Consumers of animal material were on average significantly less rheophilous (P = 0.03) and more thermophilous (P < 0.001) than non-consumers of animal material (Fig. 9). Consumers of plant material (i.e. shredders) were on average significantly more hydroaerophilous (P = 0.006) and rheophilous (P = 0.04) and less thermophilous (P < 0.001) than non-consumers of plant material (Fig. 9).
Discussion
Several factors restricted the analysis undertaken here. Data constraints limited taxonomic resolution to family level, but finer taxonomic resolution would have been preferable because trait values can vary appreciably among species or genera within a family (Monaghan & Soares, 2013). Further, the SRA did not sample before the Millennium Drought or during its early stages, and therefore initial responses of invertebrate assemblages, which might have been substantial, were excluded from the analysis. Moreover, the last sampling round began very early in the post-drought period and, as a result, the final assemblage change probably did not reflect the full post-drought response. In addition, the estimated hydroaerophily, rheophily and thermophily derived in this study from field distributions could not be directly assessed for accuracy because experimental data on environmental preferences of the study families are lacking. Nonetheless, the use of these traits to assess responses to spatial and temporal climatic variation, and their correlations with respiration mode, were underpinned by several hypotheses. Support for these hypotheses suggested that the derived values are of practical use.
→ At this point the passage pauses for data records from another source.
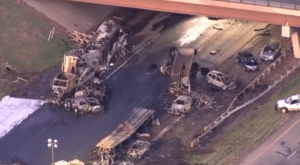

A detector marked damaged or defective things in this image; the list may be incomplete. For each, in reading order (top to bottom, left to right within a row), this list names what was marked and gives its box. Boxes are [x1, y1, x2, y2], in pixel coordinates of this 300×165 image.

charred vehicle [169, 46, 197, 95]
burned car [206, 69, 237, 90]
burned car [63, 96, 103, 114]
burned car [168, 95, 193, 114]
charred vehicle [168, 94, 193, 115]
wrecked cab of truck [168, 95, 193, 114]
burned car [276, 94, 300, 113]
burned semi truck [92, 107, 155, 164]
burned truck trailer [93, 107, 155, 164]
charred vehicle [93, 107, 155, 164]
The average hydroaerophily, rheophily and thermophily of families in samples from both edgewaters and riffles were strongly associated with values of long-term climatic variables for study sites and in the expected directions. That is, families present in cooler and wetter areas tended to favour higher concentrations of dissolved oxygen, faster current and lower temperatures than those in warmer and drier areas. These relationships were strong even though the correlations were with the terrestrial climate rather than the aquatic environment. Air temperature probably acted as a reasonable surrogate for water temperature over such a large area and climatic range, and precipitation as a surrogate for stream perenniality. The strong correlations of faunal composition with spatial variation in climate, and marked responses to short-term climatic fluctuations, suggest that the fauna of this region will be sensitive to long-term climatic changes. Temperatures across the Murray–Darling Basin are projected to increase during the 21st century and rainfall to decline (Maxino et al., 2008; Smith & Chandler, 2010). Thus, species with high hydroaerophily and rheophily and low thermophily are likely to be adversely affected and species with the opposite traits are likely to benefit.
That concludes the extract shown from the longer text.